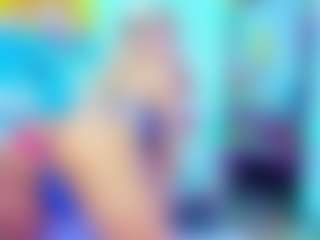 Fabiana-'s Live Sex Cam Show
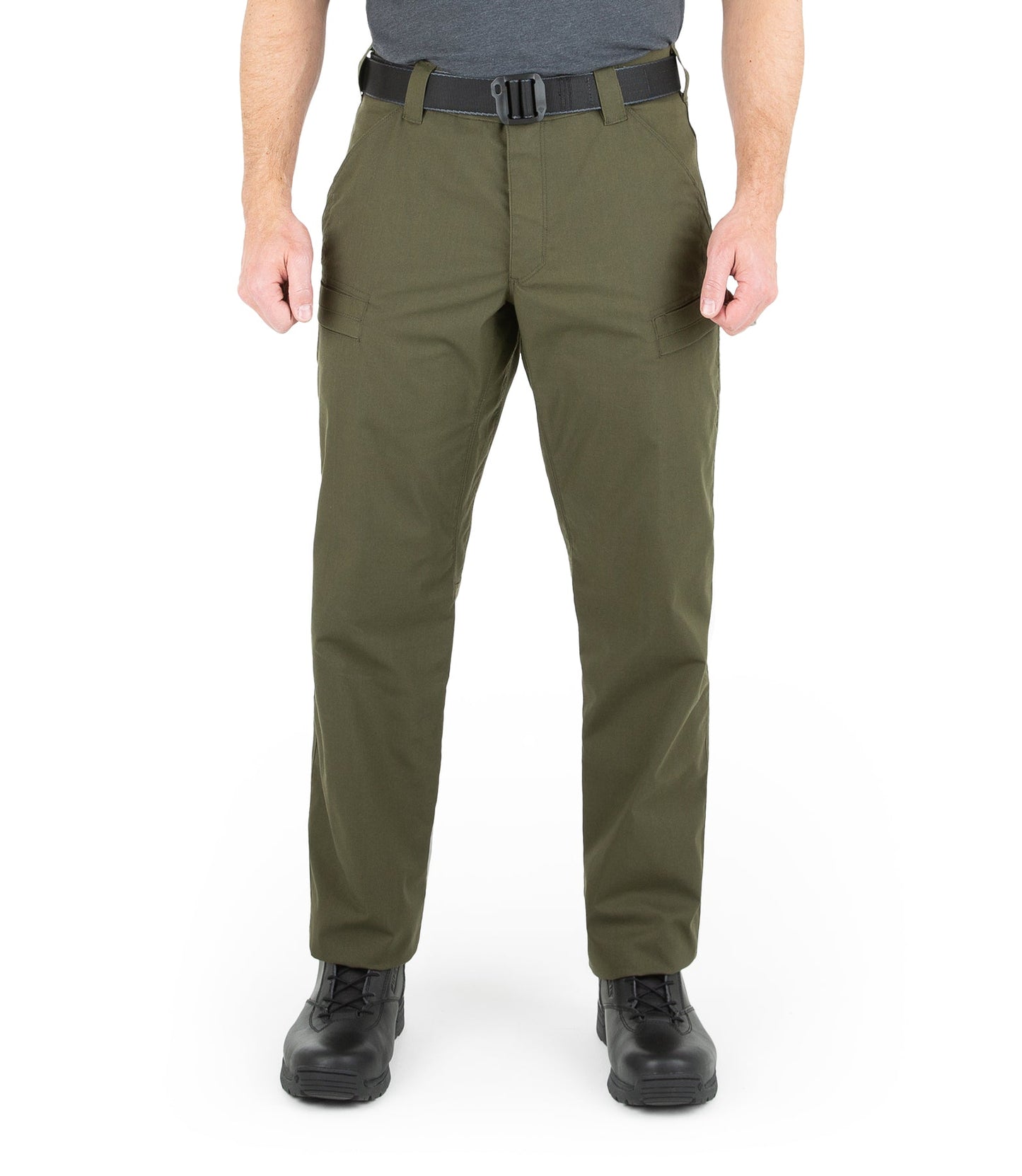 Men's A2 Pant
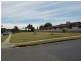 47 Marsh Street, Stanthorpe QLD 4380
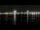 Webcam in Bordeaux, 0 mi away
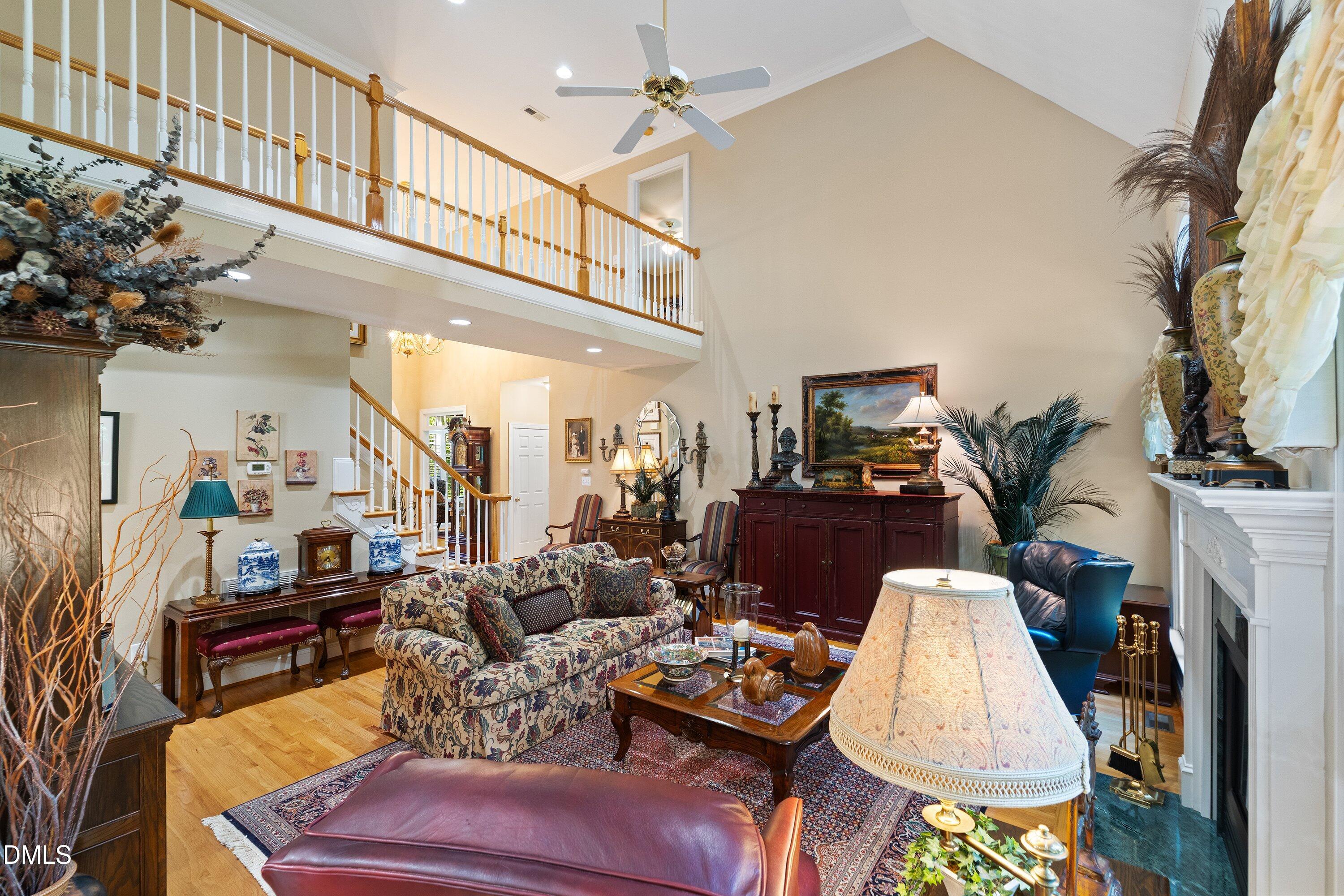 10212 Old Warden Road Property Photo 30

▶ [THE PROBLEM]: Restate the data above exactly, stripping out each image.

▶ [EXERCISE OUTPUT]:
 Fabiana-'s Live Sex Cam Show
 Men's A2 Pant
 47 Marsh Street, Stanthorpe QLD 4380
 Webcam in Bordeaux, 0 mi away
 10212 Old Warden Road Property Photo 30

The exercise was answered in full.